In the per se also known solutions of fluidized bed combustion, the unground coal introduced e.g. via an air distributor assuring uniform distribution is combusted completely or partially with the combustion air flowing through the air distributor at a relatively low temperature of between 750.degree. and 950.degree. C.
In this case, the grinding process producing the pulverized coal is obviated. Thereby the costs of grinding are saved, the glowing fluidized bed of high mass assures an insensitivity to changes in the quality of the coal and at the same time the combustion temperature, being restricted to the temperature range of between 750.degree. and 950.degree. C., also restricts environmental pollution caused by NO.sub.x and SO.sub.2.
The known mode of using fluidized bed combustion nevertheless brings also certain disadvantages with it.
In a variant of fluidized bed combustion, a full combustion of the coal is realized in the fluidized bed and the overwhelming part of the released heat is abstracted by way of cooling surfaces immersed into the fluidized bed. In another version the coal is only partially combusted in the fluidized bed whereafter the gases leaving the fluidized bed are combusted with air passed over the fluidized bed.
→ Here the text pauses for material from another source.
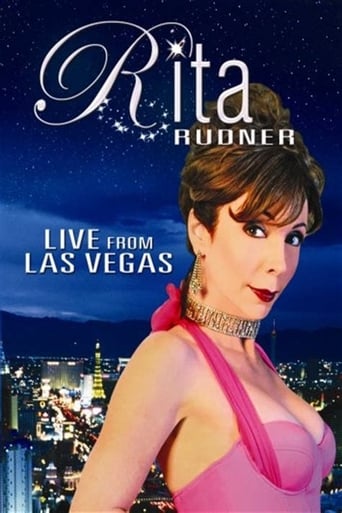 Rita Rudner:  Live from Las Vegas Poster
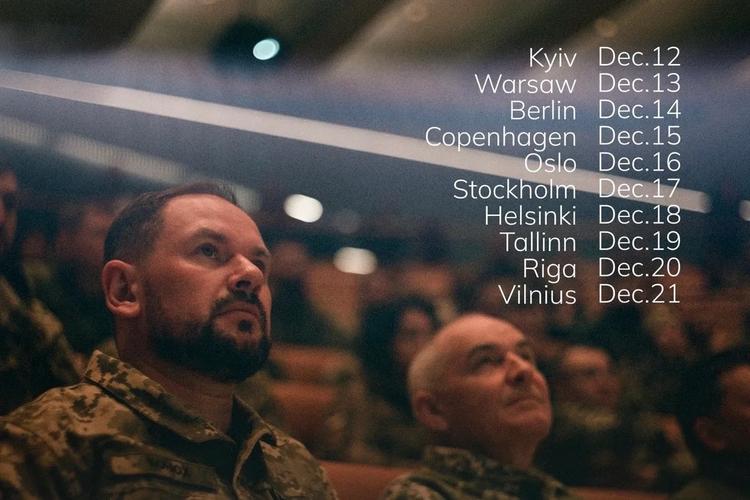 Programme projection documentaire Ukrainien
In this solution the cooling surfaces immersed into the fluidized bed are mostly dispensed with.
In both cases the flow velocity of the air supplied to maintain the fluidized state and also to promote the combustion process is relatively low (it is, in general, below a velocity of 4 m/s). Consequently it is necessary to overdimension the cross-section of the fluidized bed transversely of the direction of air flow in relation to the dimensions of the pulverized coal combustion systems wherein the velocity of the pulverized coal supply does not in general exceed the value of 15 m/s; in other words, for a unit surface area of the air distributor only a relatively small amount of heat can be released which again leads to a significant increase of dimensions.
Hybrid combustion systems combining these known systems have been developed at least partially to obviate the drawbacks and disadvantages of fluidized bed combustion and the conventional pulverized coal combustion. The known apparatuses for realizing this hybrid combustion nevertheless do not enable the frequently necessary strong output control to be carried out, and in addition the sensitivity to the quality of the coal is the same as before, both combustion systems being served by the same coal grinding and delivery system even when it contains separate units. A typical example of such a hybrid combustion system may be learned from Hungarian Patent Specification No. 185 694.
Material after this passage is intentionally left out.